The stock has surged above its 200-day EMA level for the first time since October 2024. The major trend of the stock is bullish. However, the daily RSI is currently quoting at the 88 level, which is an extremely overbought condition. Hence, we believe it is likely to slide into the period of consolidation before the next round of upward rally.
Trent and BEL have made their way in the Sensex as part of the rejig. Do you recommend any positions there?
Trent: The stock is in the sideways zone, and it is trading below its 100 and 200-day EMA levels. Going ahead, any sustainable move above the level of Rs 5,600-5,650 will lead to a sharp upside rally in the stock.
BEL: The stock is in an extremely overbought zone, and it is likely to slide into a period of consolidation before the next round of upward rally.
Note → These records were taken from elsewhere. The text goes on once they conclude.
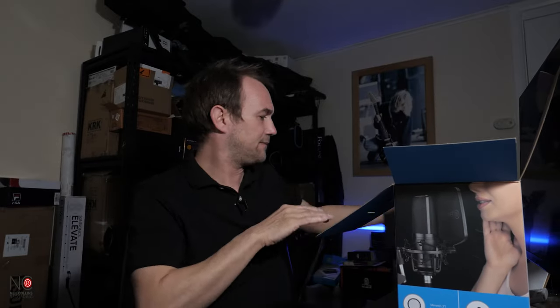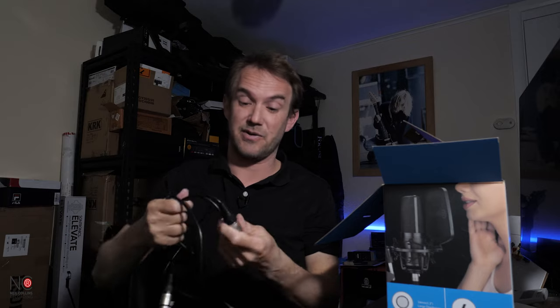Opening the box, we get some nice padding, which is always good — shows that the mic's been protected. There's an instruction manual and some stickers. I'll be honest, I have already opened this box just to see what's inside, and I've taken the XLR cable out already. It's a three metre XLR cable — 10 foot — feels quite well made, and we'll be using this to check everything's working.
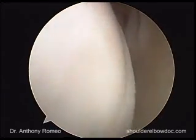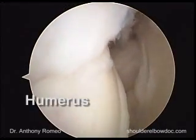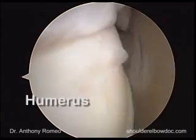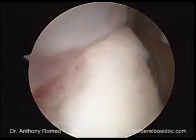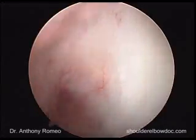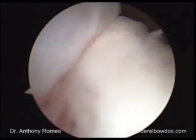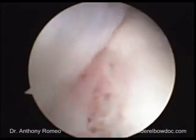We'll look over towards the humeral articulating surface. In the beach chair position, if we abduct and put a little traction on the arm, we can bring in the rotator cuff attachment and visualize this. Here is the bare area in the back of the humerus, and here's the top of the bare area, which is an important landmark we'll come back to when we get to the subacromial space.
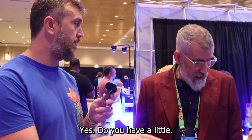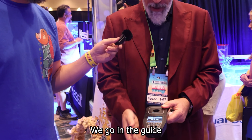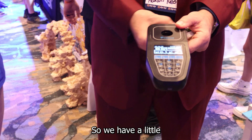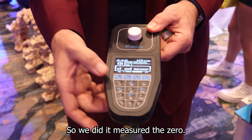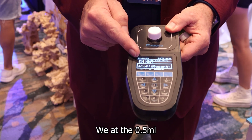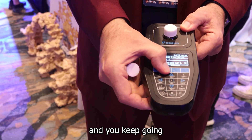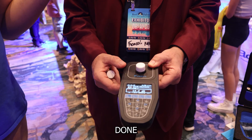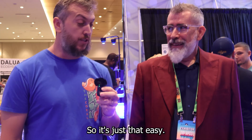Let's look at how easy it is. We have a little sample here — let's do the KH test. We go on the guide and fill the water. We put the water in and keep going. Insert the vial, then measure the zero — that's the calibration for this test. We add 0.5 ml of the reagent, put the vial back in, and it's measuring. Done. You can record it and it goes into your data. It's just that easy.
Does there seem to be any relief for IndusInd Bank shares after the Q4 results, but not forgetting the recent headlines made by the company?
The stock has been in sideways since the last couple of trading sessions. Hence, we recommend avoiding this stock for now.
Any other sectors & stocks well poised for trading?
Nifty Bank, Nifty Private Bank, and Nifty Financial Services are all approaching a consolidation breakout, indicating potential outperformance in the short term. Apart from this, sectors like Nifty CPSE, PSE, Insurance, and Capital Markets are expected to continue their outperformance in the near term.
Technically, AXISBANK, ICICIPRULI, BHEL, JIOFIN, and HINDCOPPER are likely to witness bullish momentum in the short term.
( Disclaimer: Recommendations, suggestions, views and opinions given by the experts are their own. These do not represent the views of The Economic Times)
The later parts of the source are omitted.